Beyond influencing rates of depreciation, connectivity will have another major impact on the automotive industry. Today, depreciation is estimated with inferences, heuristics, and averages. Only when the vehicle is finally sold do the accuracy of these value predictions for the specific vehicle become evident.
However, with connected-EV’s, this averaging methodology will be replaced by vehicle-specific data analysis based on real-time vehicle data feeds. Car value and depreciation will be programmatically measured for each car on a continual basis. Car specific information such as mileage, battery degradation, acceleration stress, as well as details of vehicle options such as which software and hardware packages are installed are now all available minute-by-minute through software interfaces. Individualized vehicle analysis will be much more accurate than on an ICE drivetrain because electric drivetrains do not share the inconsistency of maintenance problems that often occur on ICE—transmissions, gaskets, and timing belts. This can then be correlated with real-time market data for both sales and rentals on sharing platforms to determine sale and cash flow values. The overall data models on services like Carmiq now adjust themselves on a real-time basis as pricing data comes in from sales and rentals.
Measurement of depreciation on a vehicle-by-vehicle basis is especially important for peer to peer sharing scenarios. With a rental car company, any given rental may lose money due to “unlimited free miles”, but as long as the average is positive, the rental car company is happy. But for peer to peer networks, every rental transaction must be demonstrably cash flow positive for the owner. Tesloop’s “Carmiq Value” feature now automatically queries a Tesla Model S and can provide a real-time valuation instantly, before and after the rental transaction.
While the accuracy of vehicle valuation is currently limited by the relatively sparse data available for the models, this method should become the most effective valuation tool as an increasing quantity of listing and sale data is collected in the coming months.
While it is not yet fully appreciated due to the relative lack of empirical data, it is likely that modern EV’s due to superior attributes of the drivetrains, will begin to demonstrate increasingly higher residual values. It is interesting to consider how this emerging generation of vehicles will affect the value of the hundreds of millions of ICE vehicles. Adam Jonas, Morgan Stanley’s veteran auto analyst, has cautioned of a point where the appeal of these new, electric, semi-autonomous vehicles starts to materially change the desirability of old unconnected cars, which will increasingly be perceived as less desirable in the market. The impact on the capital markets and industry as this transpires may be severe.

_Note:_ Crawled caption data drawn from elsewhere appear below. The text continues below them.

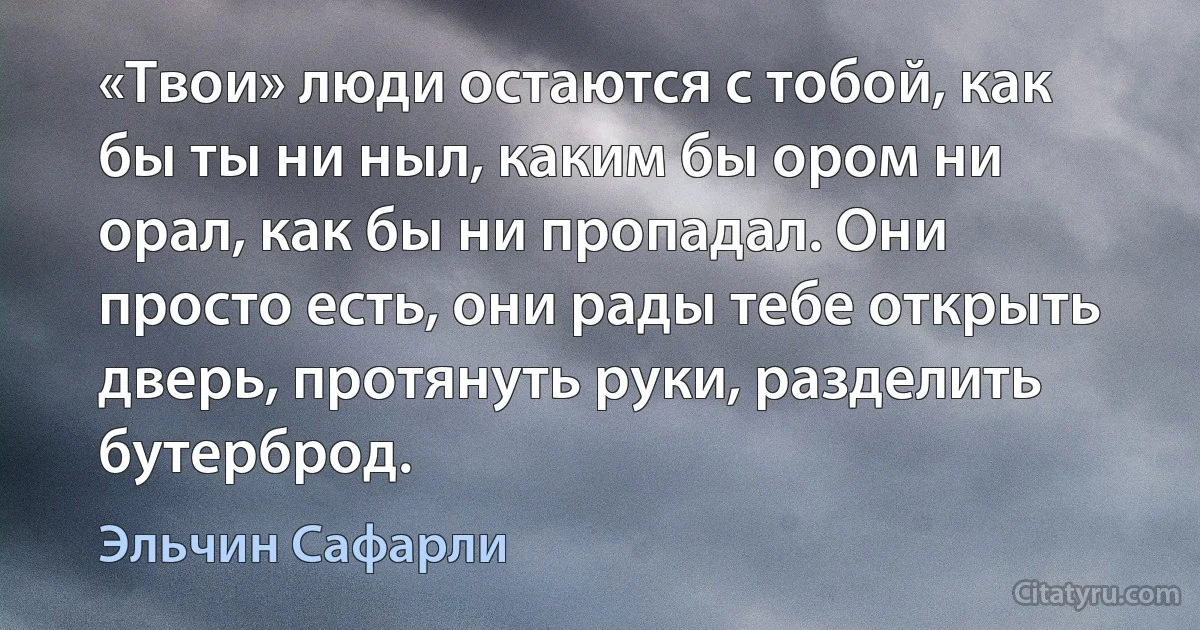 «Твои» люди остаются с тобой, как бы ты ни ныл, каким бы ором ни орал, как бы ни пропадал. Они просто есть, они рады тебе открыть дверь, протянуть руки, разделить бутерброд. (Эльчин Сафарли)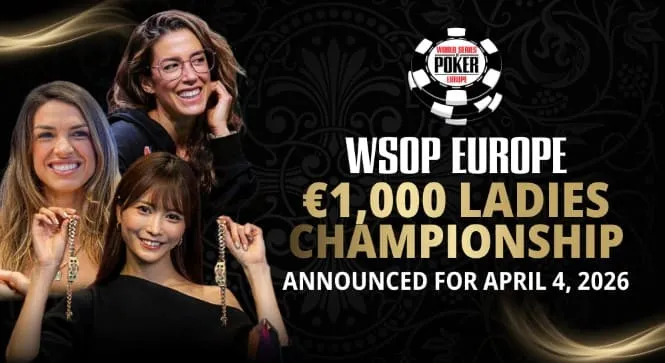 【EV 扑克】WSOP 欧洲站女士赛亮相布拉格！冠军将颁发全新设计金手链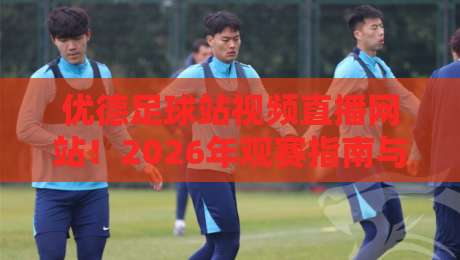 优德足球站视频直播网站！2026年观赛指南与深度评测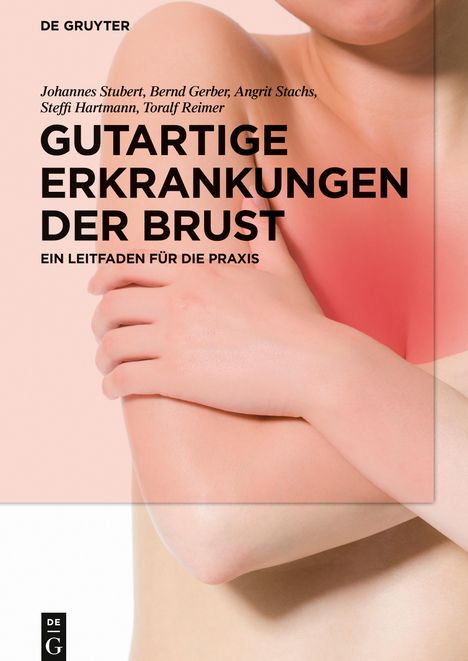 Johannes Stubert: Gutartige Erkrankungen der Brust, Buch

In the next few years, the art and science of depreciation will rapidly evolve into a landscape of connected, electric, and increasingly autonomous vehicles. As these vehicles begin to attached to networks that enable both behavioral analysis and effortless sharing—which creates continual monetization opportunities—a new real-time data science for depreciation will emerge. And as this new residual math increasingly accounts for characteristics of modern connected-EV’s, it is likely to bring unprecedented economic transformation to the automobile market.